(Beginning of THE DATA)

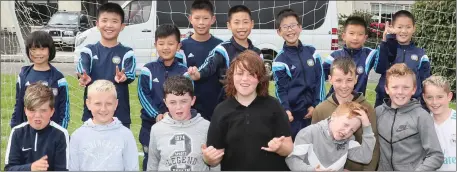  ??  ?? A game of football between local boys and a visiting soccer academy from China was part of Sunday’s celebratio­ns in Brookville.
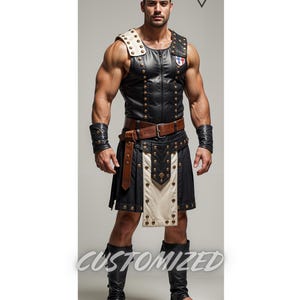 May include: A black leather kilt with white accents and gold studs. The kilt is paired with a black leather vest with gold studs and a brown leather belt. The model is wearing black leather arm bands and black leather leg bands.
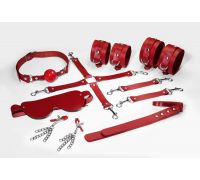 Набор Feral Feelings BDSM Kit 7 Red, наручники, поножи, коннектор, маска, паддл, кляп, зажимы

(End of THE DATA)

PROBLEM STATEMENT » Everything above except the pictures needs to be reproduced exactly.

WRITTEN REPLY »
  ??  ?? A game of football between local boys and a visiting soccer academy from China was part of Sunday’s celebratio­ns in Brookville.
 May include: A black leather kilt with white accents and gold studs. The kilt is paired with a black leather vest with gold studs and a brown leather belt. The model is wearing black leather arm bands and black leather leg bands.
 Набор Feral Feelings BDSM Kit 7 Red, наручники, поножи, коннектор, маска, паддл, кляп, зажимы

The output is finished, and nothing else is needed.